### Data
= = = = =

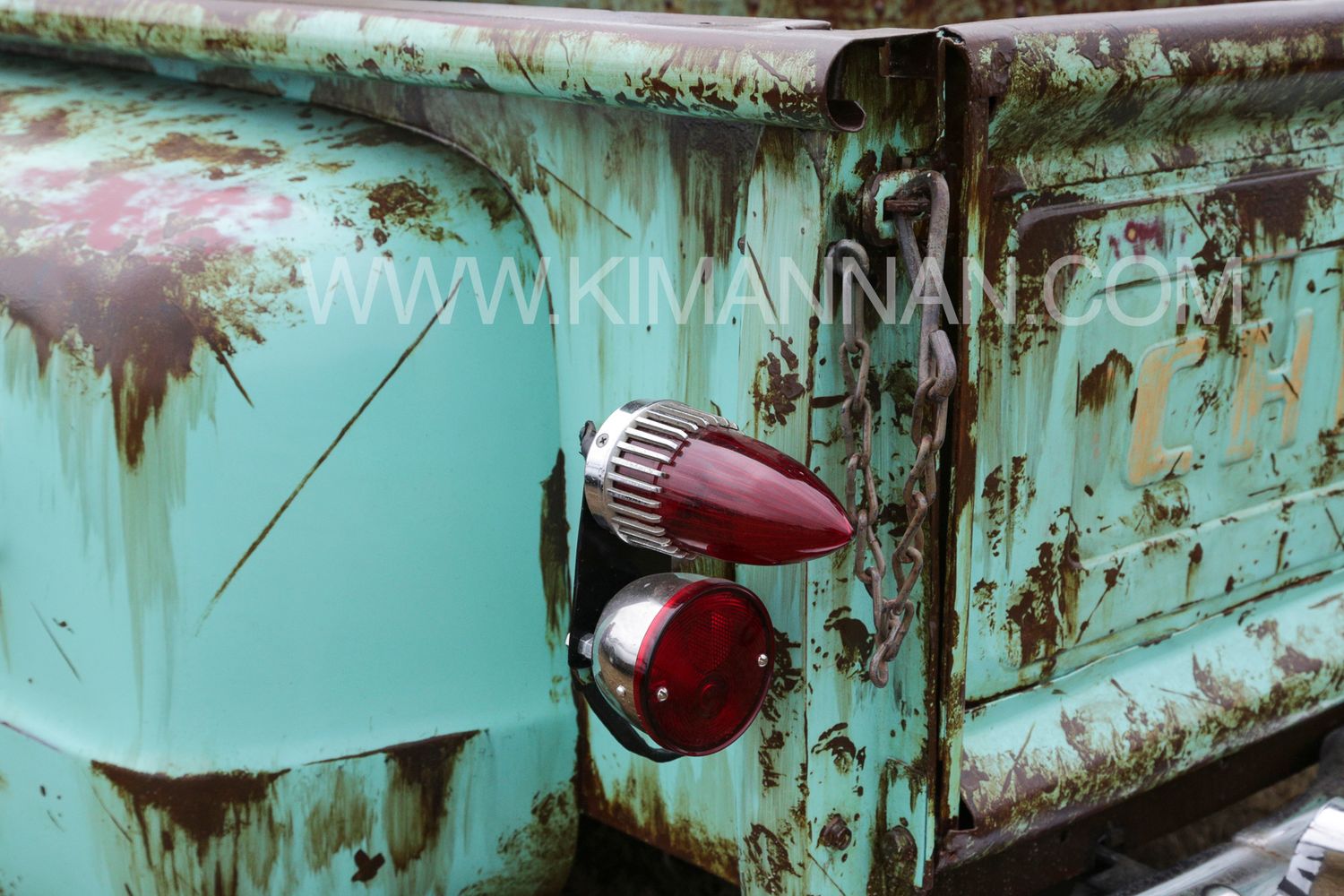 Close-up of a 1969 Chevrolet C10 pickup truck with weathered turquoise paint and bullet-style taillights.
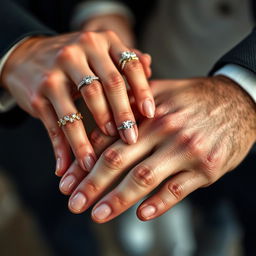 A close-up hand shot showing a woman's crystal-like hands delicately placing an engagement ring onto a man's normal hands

= = = = =

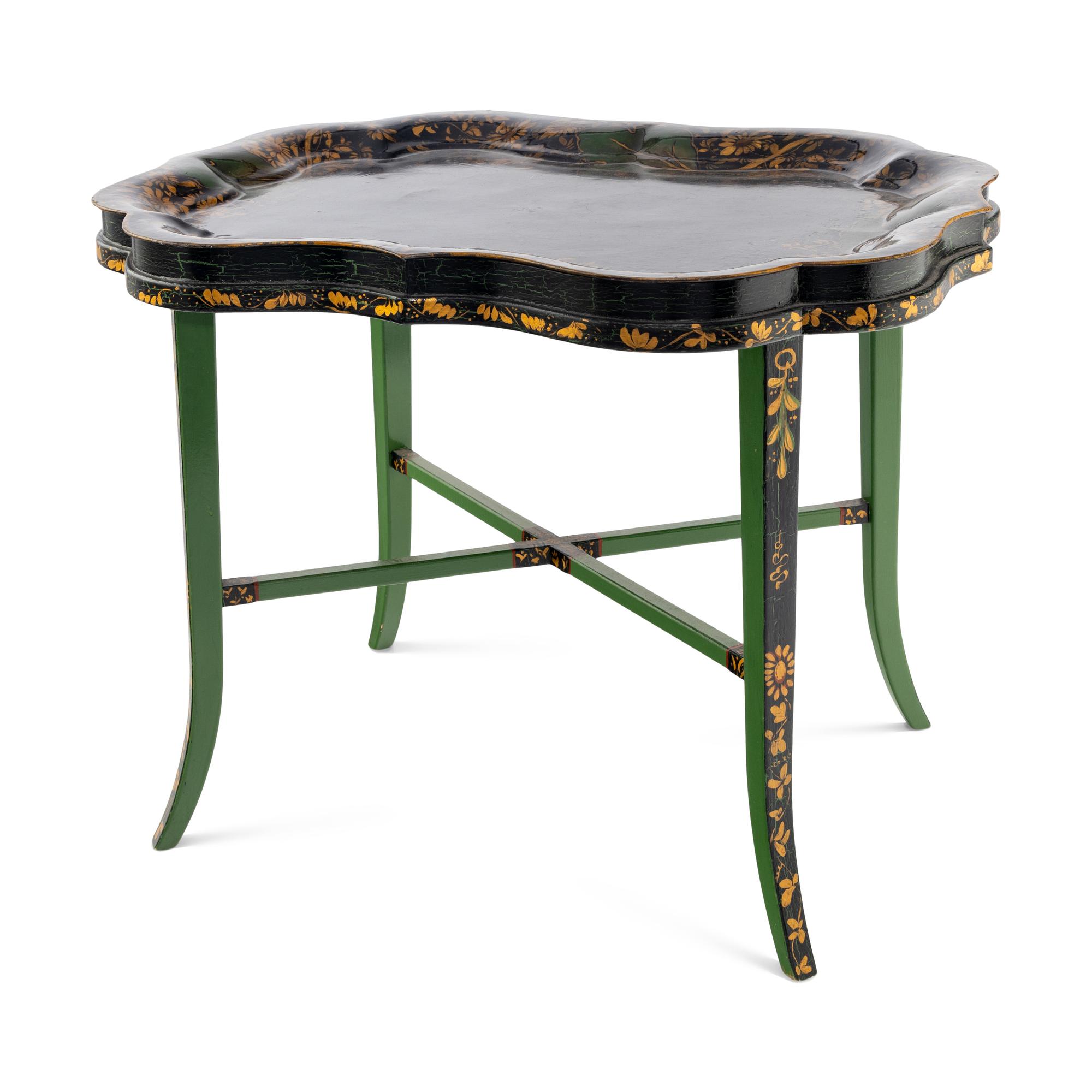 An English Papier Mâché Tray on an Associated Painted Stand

= = = = =

Please copy out from the data above, without any picture, exactly the lines running from the one that holds "Close-up of a" through the one that holds "A close-up hand", and nothing beyond them.

 Close-up of a 1969 Chevrolet C10 pickup truck with weathered turquoise paint and bullet-style taillights.
 A close-up hand shot showing a woman's crystal-like hands delicately placing an engagement ring onto a man's normal hands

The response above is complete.